Melihat situasi bangsa akhir-akhir ini, saya agak gemas. Bukan hanya pada penguasa dan wakil-wakil rakyat yang beberapa hari ini dibicarakan dan dihujat, tapi juga pada masyarakat kita sendiri. Mengapa sih kita seringnya gagal paham, menghujat, dan menyesal belakangan, dibanding mencegah kebusukan dari awal?

Terlepas dari like atau dislike pada partai, nama-nama, dan wakil-wakil rakyat yang ada, sepertinya kebanyakan dari kita masih memilih orang, partai, dan wakil rakyat berdasarkan popularitas dan "prestasi" semu yang tampak, kalau bukan dari keuntungan pribadi yang akan didapat. Masih belum banyak orang yang benar-benar memilih berdasarkan idealisme, nilai-nilai moral, etika, kebenaran, dan keadilan yang dijunjung para kandidat dan tampak dalam visi misi maupun proses yang dijalaninya. Sementara, justru hal-hal inilah yang seharusnya menjadi dasar dan pertimbangan bagi kita untuk dapat memiliki pemerintah dan wakil rakyat yang amanah, jujur, adil, dan kompeten dalam mengemban kepercayaan yang diberikan.

Tapi, rakyat kan butuh bukti, bukan janji. Butuh makan, bukan idealisme. Dan, butuh yang mudah dicerna, bukan yang terlalu mengawang-awang.

Setuju. Saya tidak bisa menyalahkan masyarakat kita jika sampai berpikir demikian.

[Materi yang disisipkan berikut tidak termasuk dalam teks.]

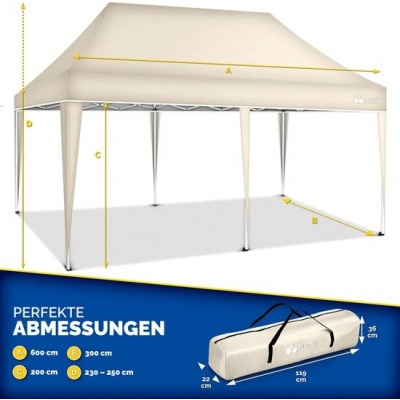 Foto van Tillvex Vouwpaviljoen 3x6m Beige, Waterdicht, Verstelbaar, UV 50+, Incl. Draagtas & Grondpijlen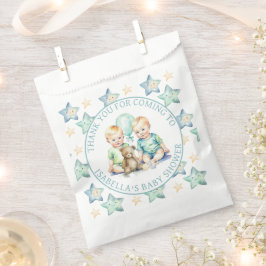 Aquarell Twin Boys Babydusche Geschenktütchen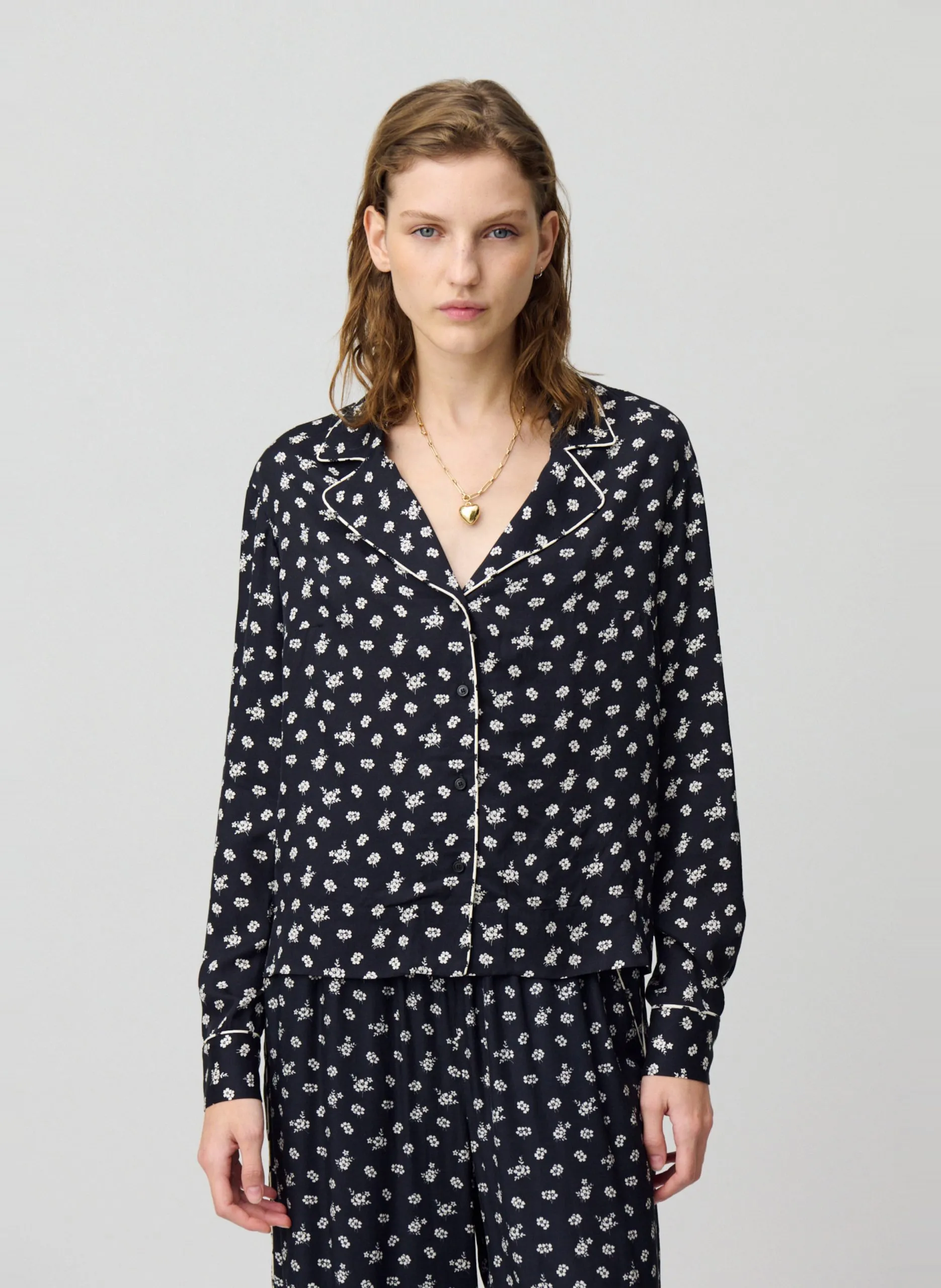 Ärmellose Bluse mit klassischem Kragen und Print Mehrfarbig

Saya bukannya tidak tahu kalau kita semua mungkin sudah terlalu lelah, tidak berdaya, hopeless, atau bahkan tidak punya banyak pilihan dengan situasi hukum serta demokrasi yang selalu terjadi di negara ini. Mulai dari zaman kolonial sampai saat ini, KKN masih saja merajalela. Penguasa yang sulit dipercaya. Wakil rakyat tidak mendengar aspirasi rakyat. Lembaga-lembaga negara kurang terlihat fungsinya. Rakyat hanya dicari saat kampanye, tetapi ditinggalkan saat Pemilu dan Pilkada usai. Pemerintah juga belum serius mendidik dan mencerahkan pemikiran warga negaranya. Lalu, yang sering terjadi, kita sering di-PHP oleh penguasa dan wakill rakyat saat mereka sudah berkuasa. Jadi, untuk apa kita susah-susah berpikir kritis dan idealis? Toh, kita hanya akan selalu mendapat yang itu lagi, yang itu lagi. Sami mawon. Ga ngaruh.

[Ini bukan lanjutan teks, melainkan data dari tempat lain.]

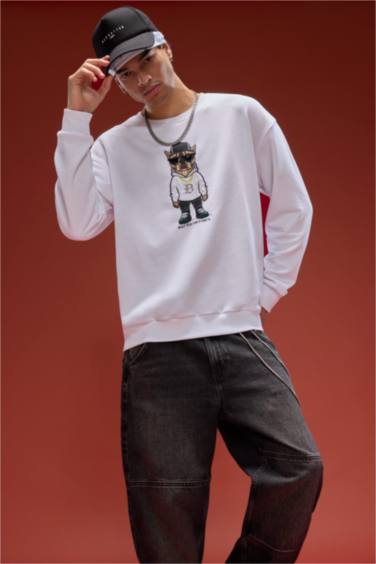 Boxy Fit Bisiklet Yaka Baskılı Sweatshirt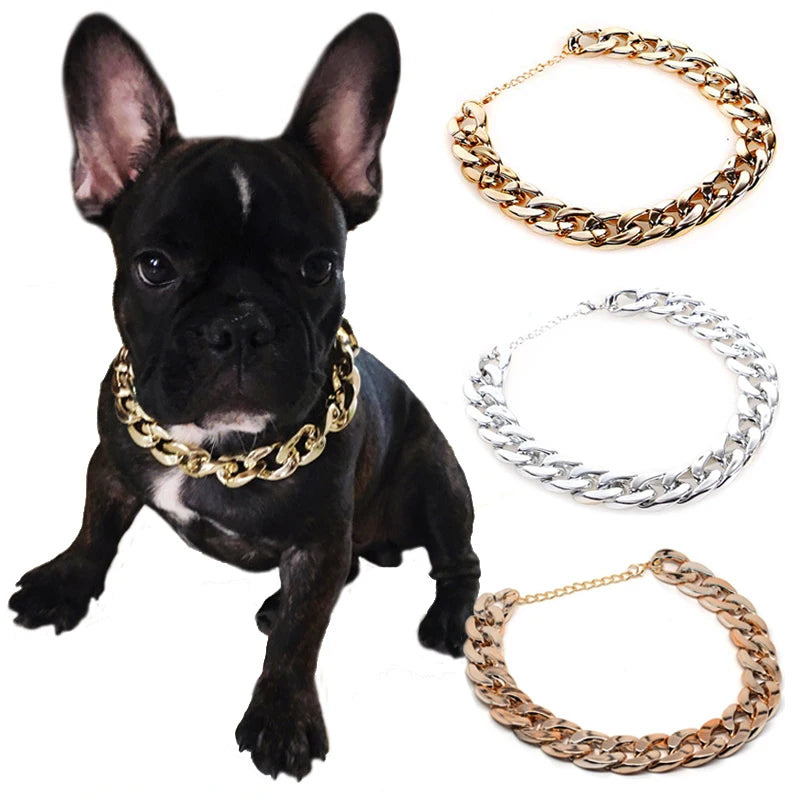 Collier de luxe pour chien – Chaîne plaquée or ou argent, style tendance pour Pitbull, Beagle et Bulldog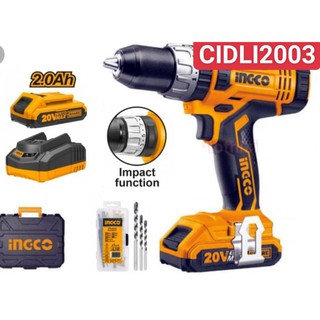 Máy khoan dùng pin 20v ingco CIDLI2003 có búa.Máy khoan pin có búa ingco dùng pin 20v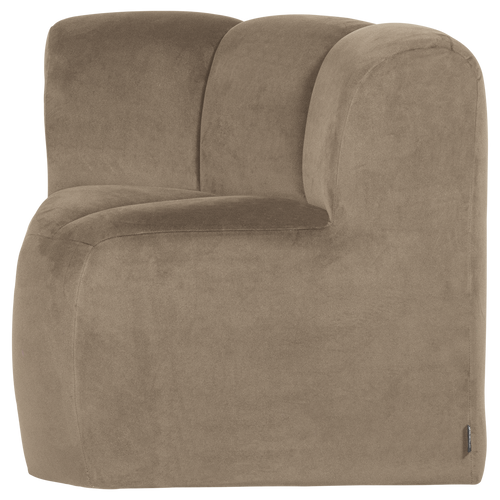 WOOOD eetbank hoek met rugleuning Mojo - Velvet - Khaki - 83x83x83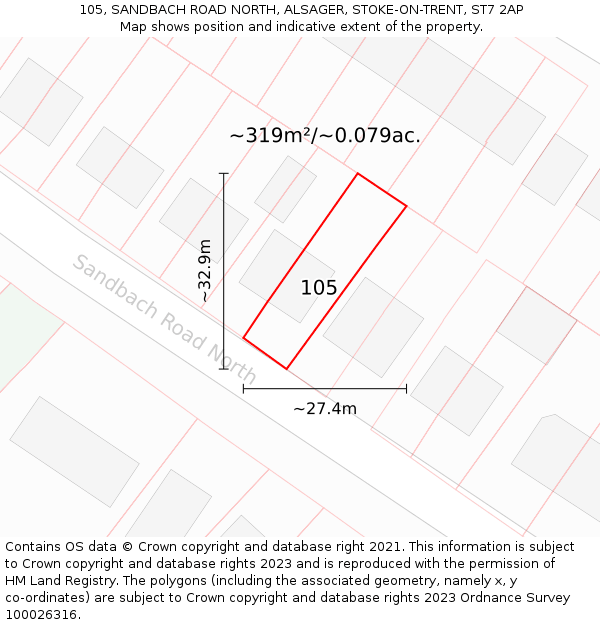 105, SANDBACH ROAD NORTH, ALSAGER, STOKE-ON-TRENT, ST7 2AP: Plot and title map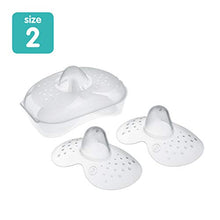 Load image into Gallery viewer, MAM Breastfeeding Nipple Shields with Sterilizing Storage Case, Nipple Shields for Nursing Newborn, Size 2 Large 23mm, 2-Count, Clear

Dan, memang itu fakta yang terjadi saat ini. Kita selalu akan terjebak dalam situasi rumit dan kompleks saat membicarakan carut marut masalah demokrasi, politik, hukum, dan kekuasaan. Apakah kita salah memilih pemimpin dan wakil rakyat? Apakah pemerintah dan wakil rakyatnya yang suka PHP dan tidak amanah? Apakah sistem yang ada sudah tepat? Bagaimana dengan perangkat undang-undang serta penegakan hukum yang terjadi? Lalu, bagaimana dengan faktor budaya, adat, tradisi, geografis, atau situasi politik luar negeri yang memengaruhi? Dan sebagainya, dan seterusnya. Jelas, bukan single factor atau hanya satu faktor yang berpengaruh dalam isu demokrasi, politik, dan kekuasaan ini.

Nah, tapi mari kita berbicara saja pada hal yang paling mendasar dan esensial, yaitu pada partisipasi dan kedaulatan rakyat yang menjadi inti demokrasi. Dalam konteks ini, kita bicara tentang perlunya kedewasaan, sifat kritis, dan kecerdasan rakyat untuk menjadi subjek sekaligus filter utama dalam mewujudkan kedaulatannya. Jika ini tercapai, maka seharusnya elemen serta kunci dasar untuk mewujudkan sistem pemerintahan yang sesuai dengan cita-cita rakyat dan undang-undang akan tercapai. Masyarakat sejahtera, adil, dan makmur bukan lagi mimpi atau angan-angan yang jauh untuk terwujud. Tidak percaya? Lihat saja pada negara-negara maju macam Norwegia, Swedia, Finlandia, Denmark, Swiss, dsb. Salah satu faktor penting yang membuat mereka maju adalah karena mereka memiliki pemimpin dan pemerintah yang kredibel dan bisa dipercaya.

Lalu, bagaimana cara agar kita bisa menjadi subjek dan filter demokrasi yang dewasa, kritis, dan cerdas?

Dengan pendidikan dan pemberdayaan masyarakat yang dilakukan oleh penyelenggara negara, yang kemudian juga kita tindaklanjuti.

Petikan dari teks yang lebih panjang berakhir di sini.